Enticed by the idea of a tax overhaul, investors pushed equities higher once again this week, sending the S&P 500 (+0.7%), the Nasdaq (+1.1%), and the small-cap Russell 2000 (+2.8%) to new record highs. The Dow lagged this week, but still managed to eke out a modest gain (+0.3%). The S&P 500 finished the third quarter with a gain of 4.0%.

Technology stocks weighed on the broader market on Monday as investors engaged in a sector rotation trade that left the S&P 500’s technology sector lower by 1.4%. Technology names were weak from the jump, but selling accelerated following comments from North Korea’s foreign minister, who said that President Trump effectively declared war against North Korea in his U.N. speech last week and, therefore, Pyongyang has the right to take countermeasures against the U.S.–including shooting down U.S. strategic bombers, even if they’re not in North Korean airspace.

Investors turned their attention to Fed Chair Janet Yellen on Tuesday as she gave a speech entitled “Inflation, Uncertainty, and Monetary Policy” at the NABE’s annual meeting. Ms. Yellen defended a gradual path of rate hikes despite continued uncertainty in the area of inflation, but her comments didn’t move the financial markets; equities finished the session flat.

Things turned around for the equity market on Wednesday as investors cheered the GOP’s tax reform outline, sending equities into positive territory for the week. Some of the most notable highlights of the plan include cutting the corporate tax rate to 20% from 35%, doubling the standard deduction, and reducing the number of tax brackets to three from seven. The plan calls for trimming the highest tax rate to 35.0% from 39.6%, but Congress will have the option to add a fourth bracket for the very top earners.

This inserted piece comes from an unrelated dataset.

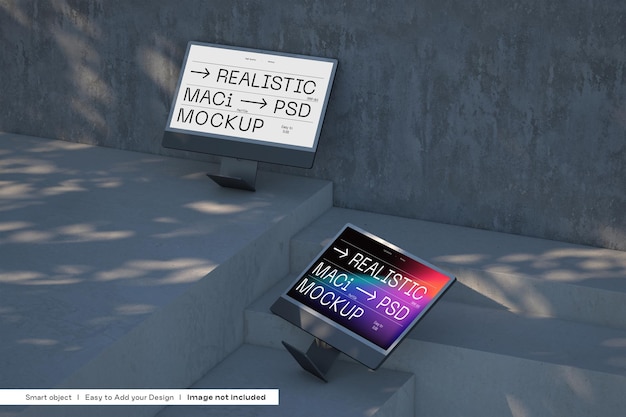 Maci Mockup App Dispositivi reattivi Dispositivi schermo Computer UI UX Display PSD gratuito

Details on how the government will make up for the immediate loss in tax revenue were limited. This topic will likely be an area of contention for the GOP going forward as many conservatives are opposed to the idea of driving up the federal deficit, which would probably be necessary to fund the tax overhaul–at least in the short term.

Market-moving headlines were scarce on Thursday, but that didn’t prevent the S&P 500 from ticking up and registering a new record close. Roku (ROKU) opened for trading on the Nasdaq exchange on Thursday and had a solid first day, settling 67.9% above its IPO price of $14.00 per share.

Investors pushed stocks higher once again on Friday after the core PCE Price Index–the Fed’s preferred gauge for inflation–for August came in below expectations, showing a month-over-month increase of 0.1% (Briefing.com consensus +0.2%). On a year-over-year basis, the core PCE Price Index is up 1.3%, down from 1.4% in the prior reading, and still a ways below the Fed’s target of 2.0%.

Still, the fed funds futures market projects that the next rate hike will occur at the December FOMC meeting with an implied probability of 77.9%, up from 72.8% last week. In Washington, President Trump said he plans to make a decision on who will become the next Fed Chair sometime in the next 2-3 weeks. Reports indicate that current Fed Chair Janet Yellen and former Fed Governor Kevin Warsh are the front runners for the appointment.

Equities ended the week, and the quarter, on a positive note, sending the S&P 500 (+0.4%) higher for the fourth session in a row. The benchmark index finished at a new record high, as did the Nasdaq (+0.7%) and the Russell 2000 (+0.1%), while the Dow (+0.1%) settled about eight points short of its record mark. For the week, the S&P 500 added 0.7%.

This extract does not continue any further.